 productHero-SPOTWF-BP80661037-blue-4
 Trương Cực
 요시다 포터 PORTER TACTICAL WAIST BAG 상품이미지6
* * * * * * * * *
* WHAT THE TASK REQUIRES *
Copy down the material above exactly as it is.

* SOLUTION FOR THIS PROBLEM *
 productHero-SPOTWF-BP80661037-blue-4
 Trương Cực
 요시다 포터 PORTER TACTICAL WAIST BAG 상품이미지6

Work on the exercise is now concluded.